The important thing here is that LLVM is holding the thread hostage and we need the control back to safely suspend it. It is possible suspend the thread from outside, but then it might be inside a system call or library call that holds a mutex. This could deadlock the whole application. By giving the control back to the client via the call back we know that this cannot happen. We know that LLVM might hold some mutex local to the context, but that is fine and won’t deadlock the whole application.

-Juergen

I don’t have a strong opinion on this topic at the moment, but given that it is potentially GC related, I figured I’d speak up.

I see two unspoken assumptions in the thread so far:

  • The runtime needs a means to bring all threads to a stop to perform some action. In particular, no thread can be excepted.
  • A single LLVM library call takes longer to complete than the runtime is willing to wait for the thread stoppage to occur.

Both are entirely reasonable; I’m just spelling them out since they might not be obvious to everyone. The second is particularly noteworthy since it’s entirely new in LLVM.

I largely agree with Andy at the moment that the existing interface assumes one thread per context.
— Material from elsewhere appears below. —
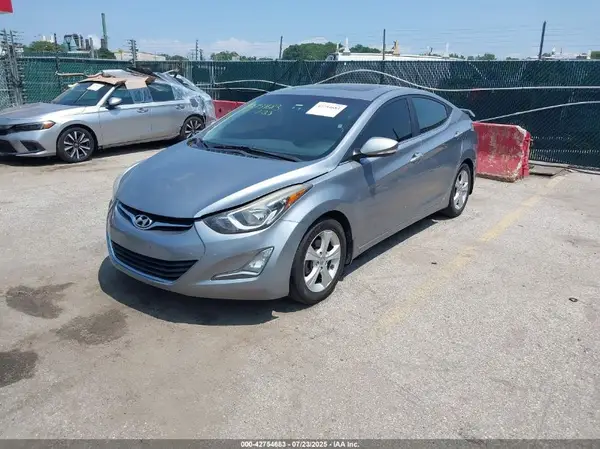 5NPDH4AE6GH798755 2016 HYUNDAI ELANTRA - Image 2
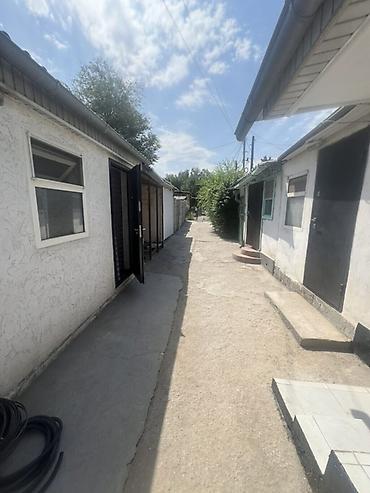Продажа коттеджей и домов: 🏡 **Продается дом барачного типа с новым ремонтом в Бишкеке!** 📐 — 3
I don’t see the issue with continuing with this assumption, particular since no one t.m.k. has put forward any serious plans to change this. If this does happen, having it occur in an opt-in manner will be a matter of practical necessity.

I find myself somewhat uncertain of the choice to leverage the pass manager for this purpose though. It’s the entirely logical place to start, but is it enough? What if a single pass takes too long to complete? Do we start scattering these call backs throughout large parts of LLVM? Also, how does this interact with something like the hoped for parallel LTO?

Like Chandler, I believe there needs to be a fully thought out proposal and discussion on this list. I would weakly oppose the change in it’s current form solely on this basis.

Andy, Juergen - Can you start by providing a bit more background information? What do you need the thread yield call back for? Garbage collection? Other VM tasks? User mode scheduling of threads? Something else entirely?

Yours,
Philip

FWIW, I have specific, concrete, and serious plans here. =D The new pass
manager is in part motivated by these plans. I expect parallelism to be the
next major infrastructure thing I work on after the pass manager.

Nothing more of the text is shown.